Once the line holding "The Joy of Responsibility Image" is found in the entries below, restate it and each line after it word for word, with no pictures.

#### Available data ####

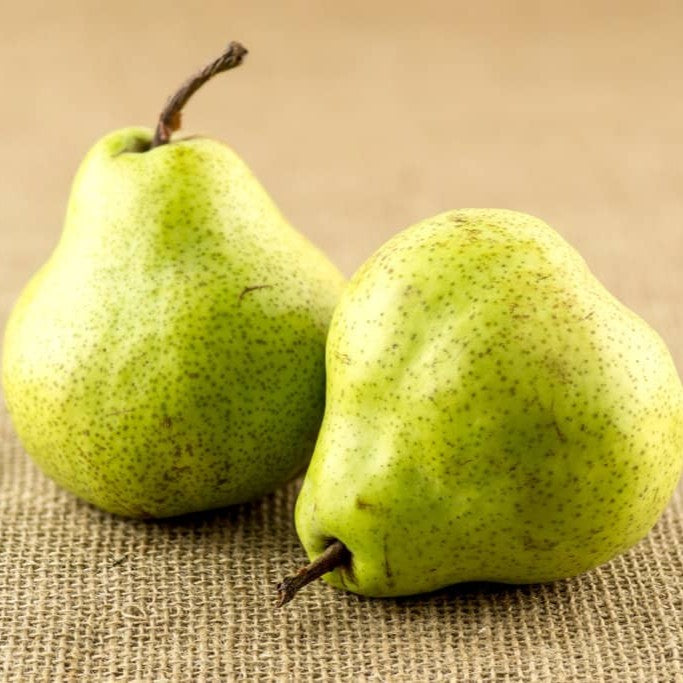 Pears Packham Large Kg NZ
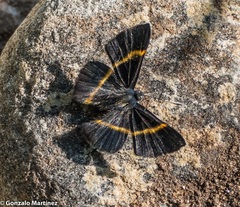 Parcella amarynthina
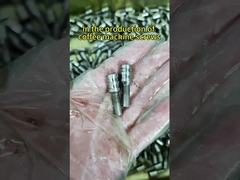 Parafusos perfurados de Phillips eletrogalvanizados em recessos parafusos de medidor parafusos de vedação de chumbo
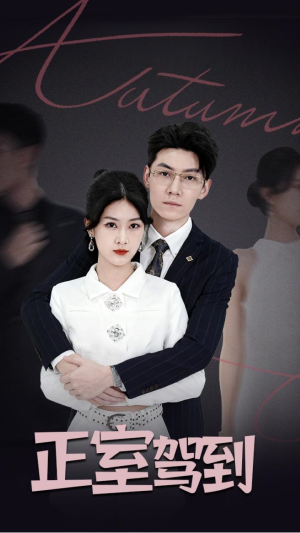 正室驾到（35集）精彩好看的短剧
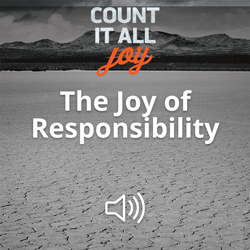 The Joy of Responsibility Image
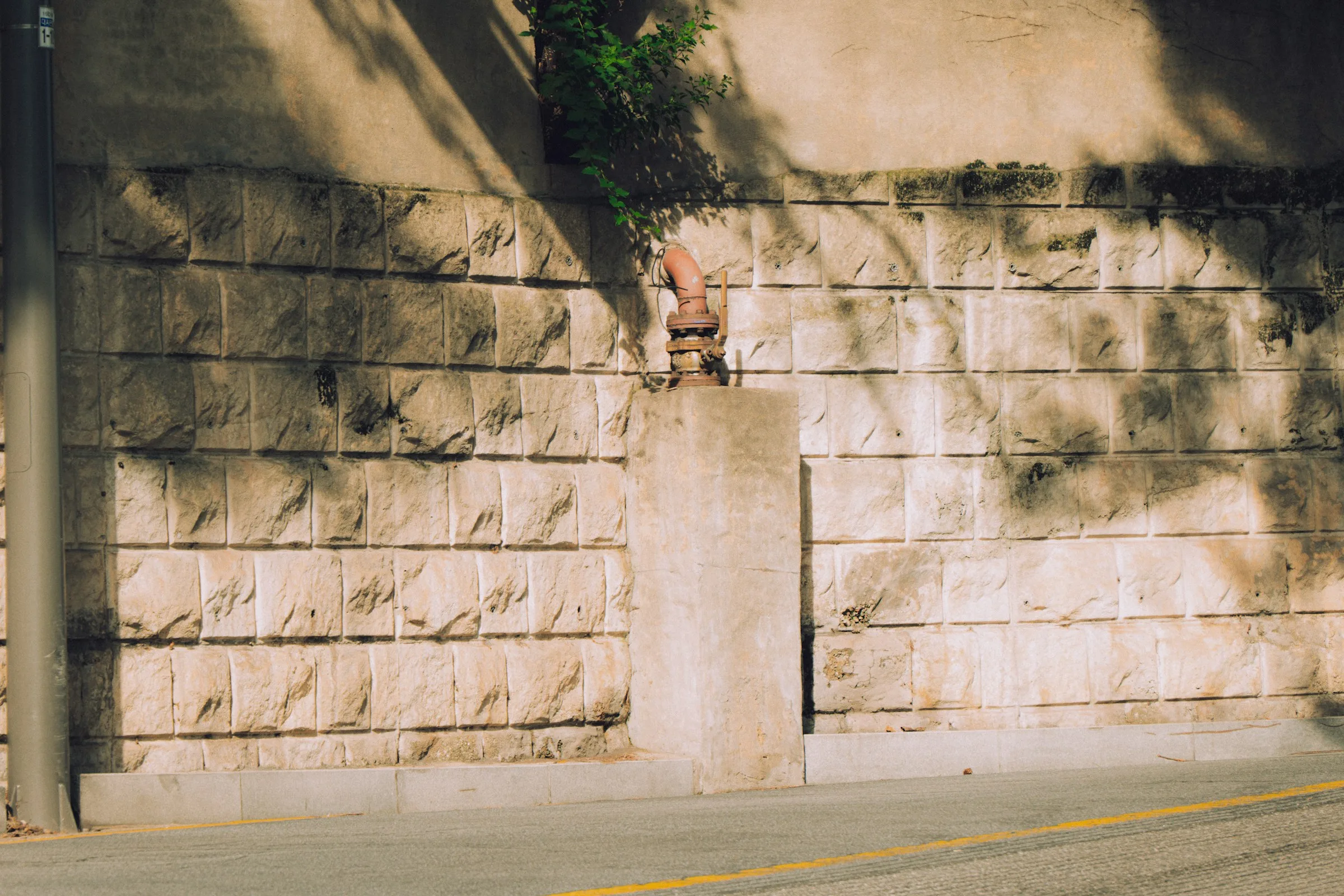 What Evangelical Deconstruction Actually Takes From You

####

- [Exercise output]
 The Joy of Responsibility Image
 What Evangelical Deconstruction Actually Takes From You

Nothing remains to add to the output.